Experiment

Description

Default class defining an experiment. An experiment object can contain multiple subjects, which themselves can contain multiple sequences.

Initialisation

class krajjat.classes.experiment.Experiment(name=None)

Creates and return an Experiment object. An Experiment object can contain multiple Subject instances, which in turn contain Trial instances.

New in version 2.0.

Parameters:

name (str, optional) – The name of the experiment.

name

The name of the experiment.

Type:

str or None

subjects

An ordered dictionary of Subject instances.

Type:

OrderedDict(subject)

Example

>>> experiment = Experiment("My experiment")
>>> subject = Subject("Lambert")
>>> experiment.add_subject(subject)

Magic methods

Experiment.__len__()

Returns the total amount of subjects present in the Experiment instance.

New in version 2.0.

Returns:

The amount of subjects present in the Experiment instance.

Return type:

int

Example

>>> experiment = Experiment("My experiment")
>>> experiment.add_subject(Subject("Raphaël"))
>>> experiment.add_subject(Subject("Chris"))
>>> len(experiment)
2
Experiment.__getitem__(name)

Returns a subject, given a name.

New in version 2.0.

Parameters:

name (str|int) – The name of the subject to retrieve.

Returns:

A Subject instance (if a Subject with the given name exists).

Return type:

Subject

Example

>>> subject = Subject("Mathilde")
>>> experiment = Experiment("My experiment")
>>> experiment.add_subject(subject)
>>> experiment["Mathilde"]

Name methods

Experiment.set_name(name)

Sets the attribute Experiment.name of the Experiment instance.

New in version 2.0.

Parameters:

name (str) – The name of the experiment.

Example

>>> experiment = Experiment()
>>> experiment.set_name("My experiment")
Experiment.get_name()

Returns the attribute name of the Experiment instance.

New in version 2.0.

Returns:

  • str – The name of the experiment.

  • Experiment

  • ———-

  • >>> experiment = Experiment(“My experiment”)
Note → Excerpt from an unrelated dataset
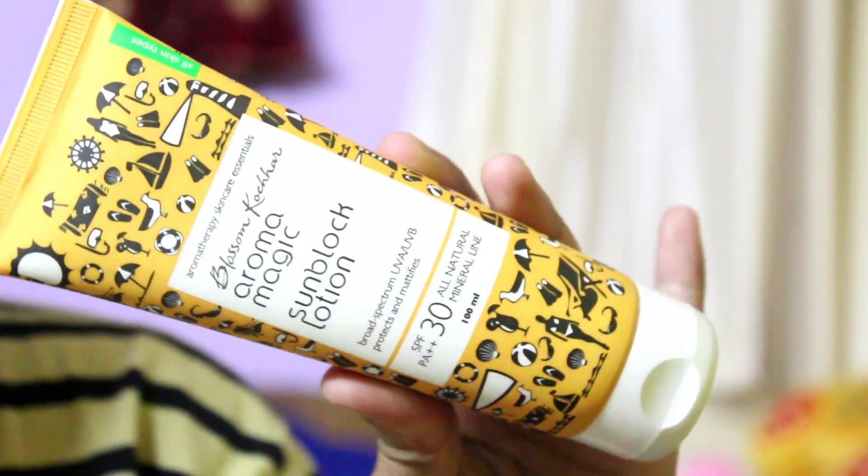The last step is to apply sunscreen. I was confused which one to use — I have Neutrogena Ultra Sheer Dry Touch Sun Block SPF 50, and also Aroma Magic Sun Block Lotion SPF 30 PA++. I applied the Neutrogena. You can apply it on your face and also on your neck, because the neck is also important.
  • >>> experiment.get_name()

  • My experiment

Subject methods

Experiment.add_subject(subject, replace_if_exists=False)
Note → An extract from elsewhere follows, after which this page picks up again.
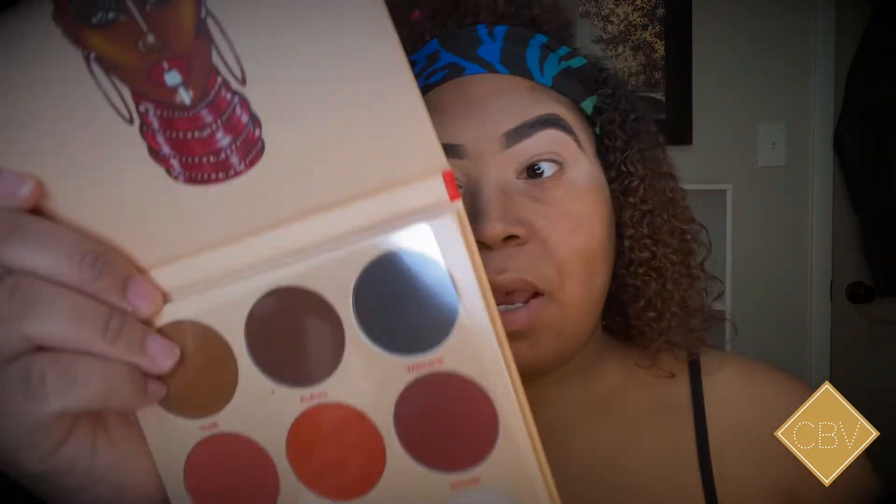And here is Warrior 2 — these are more so your mattes, like your everyday palette; anywhere you go, this is appropriate. I think I'm actually gonna go ahead and use both of these today — the mattes and the shimmers — because I want to do something really melanin-popping. So I'm gonna use both of these.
Adds a Subject instance to the subject.

New in version 2.0.

Parameters:
  • subject (Subject) – A Subject instance.

  • replace_if_exists (bool, optional) – If set on False, the function will raise an exception if a subject with the same name already exists in the experiment instance.

Note

Subjects must have a name; adding a subject without a name will result in an error.

Example

>>> experiment = Experiment("My experiment")
>>> experiment.add_subject(Subject("Carole-Anne"))
Experiment.add_subjects(*subjects, replace_if_exists=False)

Adds multiple Subject instances to the experiment.

New in version 2.0.

Parameters:
  • subjects (Subject) – One or many Subject instances.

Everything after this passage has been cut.